Start with the first line of the records below. Output each line exactly, ending with the one that contains "Butterick Sewing Pattern".
── Recorded information
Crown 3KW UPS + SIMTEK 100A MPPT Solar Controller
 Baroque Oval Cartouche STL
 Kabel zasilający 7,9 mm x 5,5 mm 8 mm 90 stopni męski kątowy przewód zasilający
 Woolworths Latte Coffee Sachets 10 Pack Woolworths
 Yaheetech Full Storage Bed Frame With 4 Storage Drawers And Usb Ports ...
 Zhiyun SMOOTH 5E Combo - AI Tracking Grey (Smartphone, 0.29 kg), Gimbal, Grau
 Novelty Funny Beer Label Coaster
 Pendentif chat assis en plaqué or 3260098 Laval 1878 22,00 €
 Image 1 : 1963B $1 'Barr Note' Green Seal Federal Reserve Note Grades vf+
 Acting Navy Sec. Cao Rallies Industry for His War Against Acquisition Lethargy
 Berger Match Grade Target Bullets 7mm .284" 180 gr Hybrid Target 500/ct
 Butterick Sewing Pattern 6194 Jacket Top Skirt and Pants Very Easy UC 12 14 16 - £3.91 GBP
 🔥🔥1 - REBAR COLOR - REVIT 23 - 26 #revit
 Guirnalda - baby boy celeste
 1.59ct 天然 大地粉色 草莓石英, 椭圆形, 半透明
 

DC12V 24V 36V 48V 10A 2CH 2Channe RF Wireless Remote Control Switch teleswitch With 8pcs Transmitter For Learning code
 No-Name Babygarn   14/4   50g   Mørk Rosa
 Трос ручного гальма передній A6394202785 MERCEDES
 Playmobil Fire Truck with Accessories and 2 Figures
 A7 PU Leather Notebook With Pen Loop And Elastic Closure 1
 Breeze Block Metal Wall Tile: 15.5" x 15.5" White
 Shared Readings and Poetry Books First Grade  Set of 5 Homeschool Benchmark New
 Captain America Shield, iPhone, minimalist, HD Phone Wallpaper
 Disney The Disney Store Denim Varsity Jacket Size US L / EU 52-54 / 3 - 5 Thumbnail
────
■ Reply ■
Crown 3KW UPS + SIMTEK 100A MPPT Solar Controller
 Baroque Oval Cartouche STL
 Kabel zasilający 7,9 mm x 5,5 mm 8 mm 90 stopni męski kątowy przewód zasilający
 Woolworths Latte Coffee Sachets 10 Pack Woolworths
 Yaheetech Full Storage Bed Frame With 4 Storage Drawers And Usb Ports ...
 Zhiyun SMOOTH 5E Combo - AI Tracking Grey (Smartphone, 0.29 kg), Gimbal, Grau
 Novelty Funny Beer Label Coaster
 Pendentif chat assis en plaqué or 3260098 Laval 1878 22,00 €
 Image 1 : 1963B $1 'Barr Note' Green Seal Federal Reserve Note Grades vf+
 Acting Navy Sec. Cao Rallies Industry for His War Against Acquisition Lethargy
 Berger Match Grade Target Bullets 7mm .284" 180 gr Hybrid Target 500/ct
 Butterick Sewing Pattern 6194 Jacket Top Skirt and Pants Very Easy UC 12 14 16 - £3.91 GBP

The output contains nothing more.